- Born: March 10, 1937 Cleveland, Ohio, U.S.
- Died: September 23, 2001 (aged 64) Los Angeles, California, U.S.
- Occupation: Film director

= Robert Abel (animator) =

American film director and animator

Robert Abel (March 10, 1937 – September 23, 2001) was an American pioneer in visual effects, computer animation and interactive media, best known for the work of his company, Robert Abel and Associates.

Born in Cleveland, he received degrees in Design and Film from UCLA. He began his work in computer graphics in the 1950s, as an apprentice to John Whitney.

In the 1960s and early 1970s, Abel wrote or directed several films, including The Making of the President, 1968, Elvis on Tour and Let the Good Times Roll.

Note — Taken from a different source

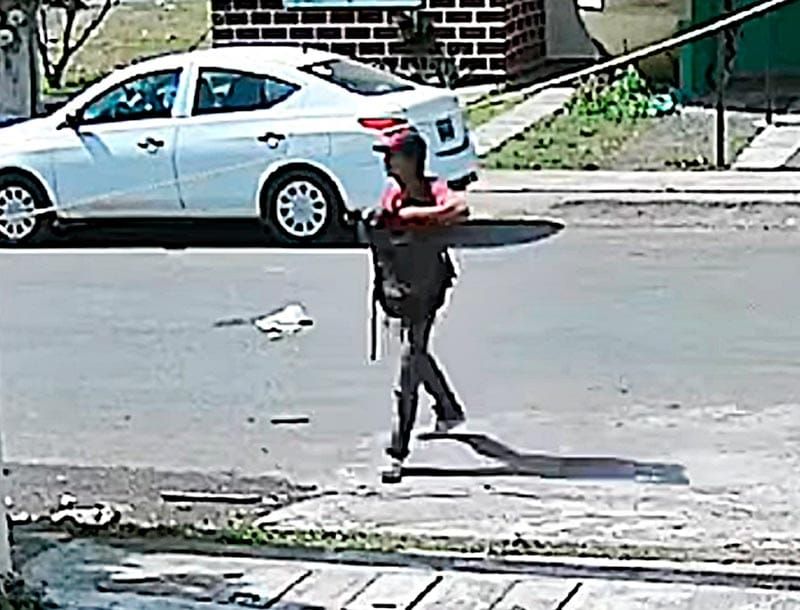 ¡GRABAN A ‘RATOTA’ SAQUEANDO UNA VIVIENDA EN LOMAS 4!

In 1971, Abel and Con Pederson founded Robert Abel and Associates (RA&A), creating slit-scan effects and using motion-controlled cameras for television commercials and films. RA&A began using Evans & Sutherland computers to previsualize their effects; this led to the creation of the trailer for The Black Hole, and the development of their own software for digitally animating films (including Tron).

Abel and Associates was contracted to provide Paramount Pictures the special effects for Star Trek: The Motion Picture, but was not able to deliver them, and its services were terminated by Paramount.

In 1984, Robert Abel and Associates produced a commercial named Brilliance for the Canned Food Information Council for airing during the Super Bowl XIX telecast. It featured a sexy robot with reflective environment mapping and human-like motion.

Abel & Associates closed in 1987 following an ill-fated merger with now defunct Omnibus Computer Graphics, Inc., a company which had been based in Toronto.

In the 1990s, Abel founded Synapse Technologies, an early interactive media company, which produced pioneering educational projects for IBM, including "Columbus: Discovery, Encounter and Beyond" and "Evolution/Revolution: The World from 1890-1930".

He received numerous honors, including a Golden Globe Award (for Elvis on Tour), 2 Emmy Awards, and 33 Clios.

Abel died from complications following a heart attack at the age of 64.

Abel's film By the Sea, made with Pat O'Neill, was preserved by the Academy Film Archive in 2007.